By committing to ACTRIS, the members show that atmospheric and air quality research is a national priority for at least the next five years. They also take part in supporting scientific excellence across Europe. Being a member country of ACTRIS ERIC means that a country’s representative can help shape the strategy and development, and participate in mission-based research. The Norwegian Research Council is the Norwegian delegate in the ACTRIS General Assembly.
ACTRIS core components are the National facilities, constituting in observatory and exploratory platforms (e.g. observation stations and atmospheric simulation chambers, respectively), and the Central Facilities (such as the data centre and calibrating laboratories). They are fundamental for the provision of harmonized high-quality data, both within Europe and at selected global sites, providing users with access to state-of-the-art, well-characterized and versatile facilities.
ACTRIS activities in Norway
NILU is the Norwegian partner in the ERIC and hosts the ACTRIS Data Centre.
Since August 2022, NILU has a large ongoing project, ACTRIS-Norway, funded under the infrastructure program of the Norwegian Research Council on implementation and development of the ACTRIS Data Centre. Through this, the institute is coordinating the ACTRIS-Norway consortium consisting of NILU, The Norwegian Meteorological Institute and CICERO.
“We are both happy and proud of being a part of ACTRIS ERIC,” says senior scientist and leader of the ACTRIS Data Centre, Cathrine Lund Myhre at NILU. She has been involved since the start of the process in 2011, and in pre-projects even earlier.
Every year, over 5000 users from around 50 countries in the world use ACTRIS data for their research.

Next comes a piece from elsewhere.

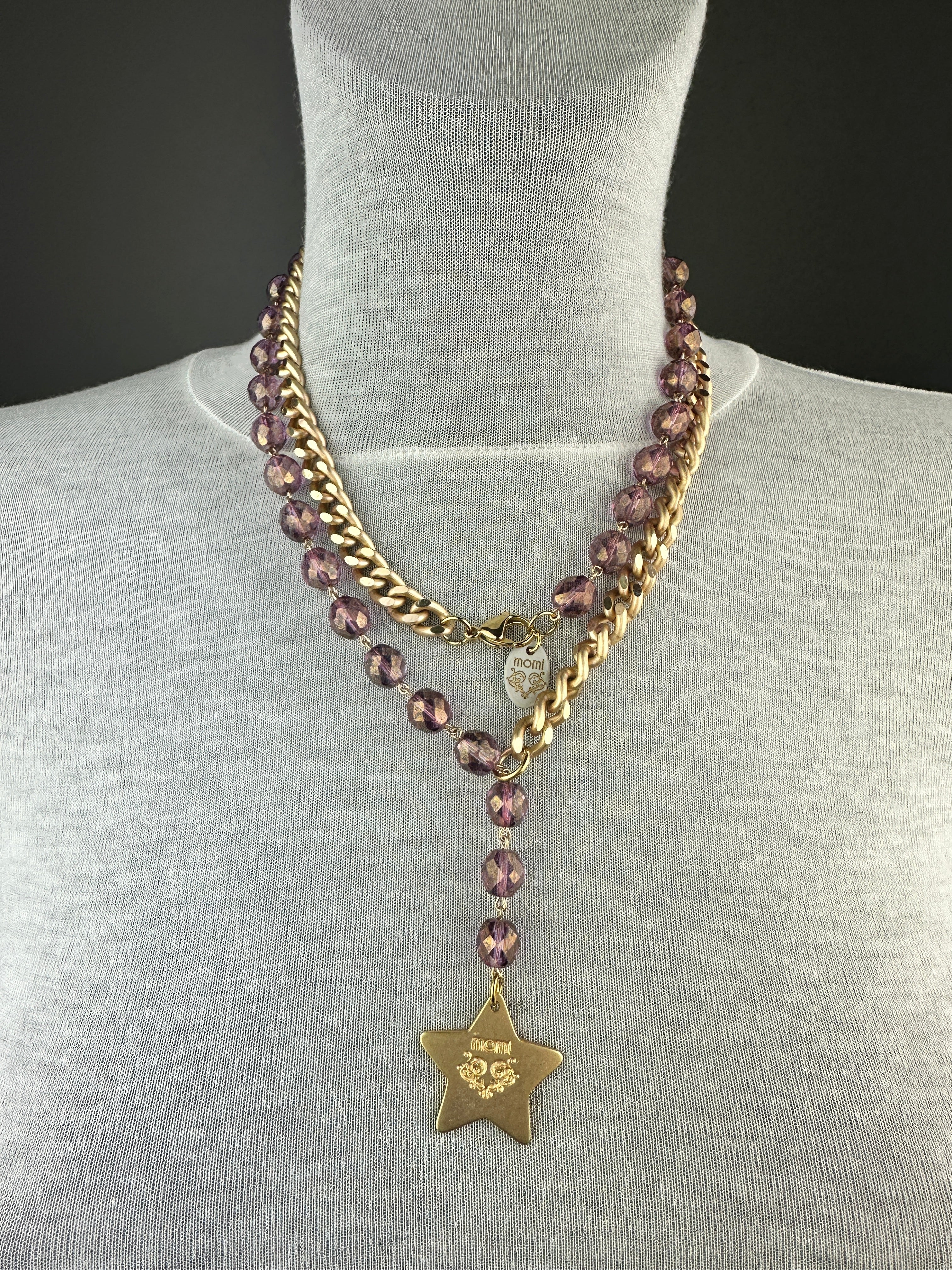 MOMI - COLLANA FRANCESCA STELLA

ACTRIS enables reliable atmospheric predictions, including short-term hazardous weather and health warnings as well as long-term evaluation of climate change.
About 25 persons are contributing to the ACTRIS Data Centre, 15 of them at NILU in Norway. Among them are senior scientist Tove Svendby . She coordinates the national activity of ACTRIS and, now that the ERIC is operational, the labelling of the Norwegian national facilities. Senior scientist Markus Fiebig leads all work with in situ data curation and management in ACTRIS, and system developer Richard O. Rud is head of the technical development of the new ACTRIS data portal. The goal is to replace the existing portal (https://actris.nilu.no/) by the end of the year.
Besides the around 15 persons at NILU, the rest of the data center team is located in France, Italy and Finland.
“Leading the data centre is a core activity in ACTRIS. It puts NILU and Norway in a central and important position, as the data we govern are of inestimable importance for monitoring the ongoing atmospheric changes” Lund Myhre concludes.